Audio Source Separation on Android with TensorFlow 2.0

Audio source separation is a wonderful use case where every one of us can easily relate with and in this article we are going to deep dive into technical implementations of the solution where we will build an Android app with the TensorFlow model performing audio source separation.

Before getting into the concept, let me tell you we are going to create a faithful reproduction of the Official Spleeter solution in the TF2.0 leveraging its latest features, but for Android use.

For those who are not aware, Spleeter is an industry standard audio source separation library and their solution performs at amazing accuracy in splitting the audio into different stems. So, kudos to the authors for building such a wonderful solution.

Audio Source Separation
Audio Source Separation on Edge devices
Network Architecture — Image Segmentation and UNet
MusDB Dataset:
Audio Data Processing — Spectrogram
Custom Training Loop — Tensorflow
TFLite Model Generation
Accuracy and Further Steps
Logical Architecture of the Solution
Functioning Mobile App
Audio Processing Process
Mobile FFMpeg — Generate Audio from Magnitude Values
Further Plans

Audio Source Separation

Audio Source Separation is a process where the audio data can be processed and split into various stems corresponding to each of the instruments present in the source audio.

Imagine you are a musician and have created a wonderful song with an excellent composition of accompanying instruments such as piano, guitar, drums, etc., from your band. Now, you would like to extract the music corresponding to one of the instruments separately, say piano, and would like to use it for some other purpose. Audio source separation helps you in doing this as you can separate individual stems of your music from the source data.

There are various techniques to do this and the Spleeter team have used AI technology and have achieved astounding success in the process.

Audio Source Separation on Edge devices

Spleeter has been open sourced since about a year ago and various services have emerged online leveraging Spleeter models for audio source separation activities.

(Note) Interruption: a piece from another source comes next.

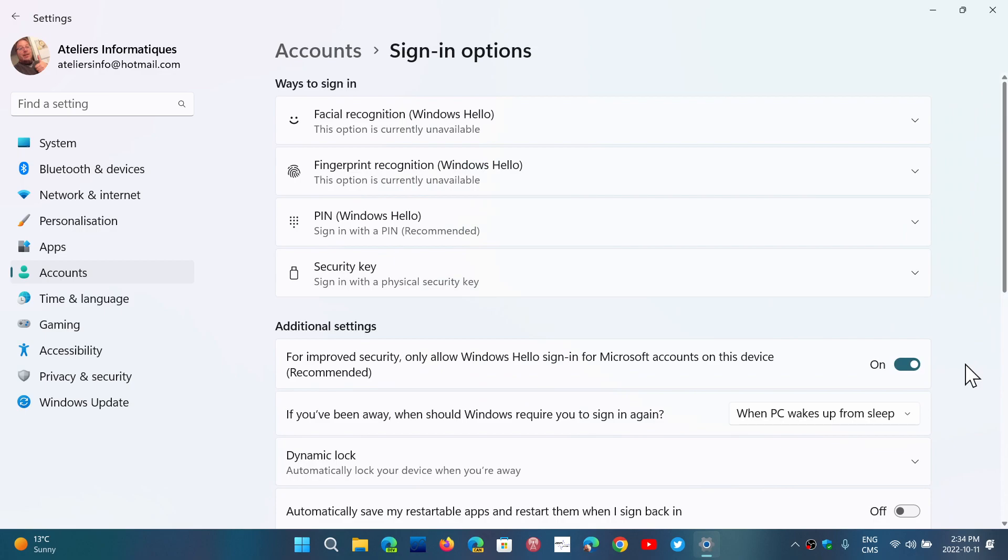So even if you try facial recognition, fingerprint, or a PIN, it doesn't work. You can still sign into your PC, but you have to enter your password that you use.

With the arrival of Tensorflow 2.0 and TFLite framework, I was working towards migrating Spleeter’s TensorFlow model into TFLite version but I could not succeed as the solution had been built on TensorFlow 1.0 and the built model is only available in tensorflow’s ‘checkpoint’ version.

After multiple failed attempts, I have decided to recreate the Spleeter code in TF2.0 with the latest features so that the generated model can be extracted into a TFLite version with which I will be able to perform source separation tasks on the mobile app itself.

This project is a humble effort towards this — with my limited resources — where I have been able to build the model and use the model in Android app. Of course, the model’s accuracy is not so great — but I have been able to put-together an e2e working solution. I will be working towards improving the accuracy further and you can refer to the github project for the up-to-date information.

So, let’s get started and dive into the code.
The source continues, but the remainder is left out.